By Rania El Gamal, Shadia Nasralla and Alex Lawler
VIENNA (Reuters) – Iran signaled on Wednesday it could compromise on a small increase in OPEC oil output when the group meets this week, as Saudi Arabia scrambled to convince fellow members on the need for a larger rise in production.
The Organization of the Petroleum Exporting Countries meets on Friday to decide on output policy amid calls from major consumers such as the United States and China to cool down oil prices and support the global economy by producing more crude.
Iran said on Tuesday OPEC was unlikely to reach a deal, setting the stage for a clash with kingpin Saudi Arabia and non-member Russia, which are pushing to raise production steeply from July to meet growing global demand.
But on Wednesday, Iranian Oil Minister Bijan Zanganeh said OPEC members that had overdelivered on cuts in recent months should return to compliance with agreed quotas.
That would effectively mean a modest boost from producers such as Saudi Arabia that have been cutting more deeply than planned despite production outages in Venezuela and Libya.
“OPEC could keep the same deal with compliance going back to 100 percent,” said an OPEC source who is aware of Iran’s stance.
OPEC Secretary-General Mohammad Barkindo said he was confident there would be a deal on Friday.
Russia has proposed OPEC and non-OPEC raise output by 1.5 million barrels per day (bpd), effectively wiping out existing production cuts of 1.8 million bpd that have helped rebalance the market in the past 18 months and lifted oil to $75 per barrel. Oil was trading as low as $27 in 2016.
OPEC members Iran, Iraq and Venezuela have opposed a relaxation of production cuts, fearing a slump in prices.
But a decision to increase output could be taken with Iran refusing to sign up, as has happened before in OPEC.
Iran has so far been the main barrier to a deal, with Zanganeh saying on Wednesday OPEC should not yield to pressure from U.S. President Donald Trump to raise output.
He said Trump had contributed to the rise in prices by imposing sanctions on Iran and Venezuela, which will likely lead to lower exports.
Zanganeh said he would leave Vienna on Friday even before OPEC holds talks with non-OPEC producers the next day, but efforts were underway on Wednesday to convince Iran to participate in a deal.
Sources said Saudi Arabia did not want to be seen as putting too much pressure on Iran and hence Russia was instead trying to convince Tehran.
Zanganeh was due to attend a ministerial committee on Thursday, two sources said. Iran is usually not part of the committee, which includes Russia, Saudi Arabia, the UAE, Oman, Kuwait, Algeria and Venezuela.
Adding to the complications was the lack of a unified position among usually aligned Gulf oil producers ahead of the Friday meeting, according to two sources familiar with the talks.

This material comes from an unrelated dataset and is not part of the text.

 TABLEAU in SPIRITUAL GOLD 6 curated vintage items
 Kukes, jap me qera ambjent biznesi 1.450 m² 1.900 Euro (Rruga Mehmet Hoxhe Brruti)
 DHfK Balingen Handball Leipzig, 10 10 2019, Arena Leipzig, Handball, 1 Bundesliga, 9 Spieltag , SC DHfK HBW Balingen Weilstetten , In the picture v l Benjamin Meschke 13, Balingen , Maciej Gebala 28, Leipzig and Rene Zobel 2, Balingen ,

Some of Saudi Arabia’s traditional allies – the United Arab Emirates, Kuwait, Oman and Bahrain – believe Riyadh was too quick to respond to U.S. calls for higher output, and have been rattled by close Saudi coordination with Russia, sources said.
There are different views on how much to increase production and whether such a move should be gradual, one source said following a meeting of Gulf oil ministers on Tuesday evening.
Iraqi Oil Minister Jabar al-Luaibi said on Wednesday he hoped there would be agreement when OPEC meets but added: “The oil market has not reached the level of stabilization.”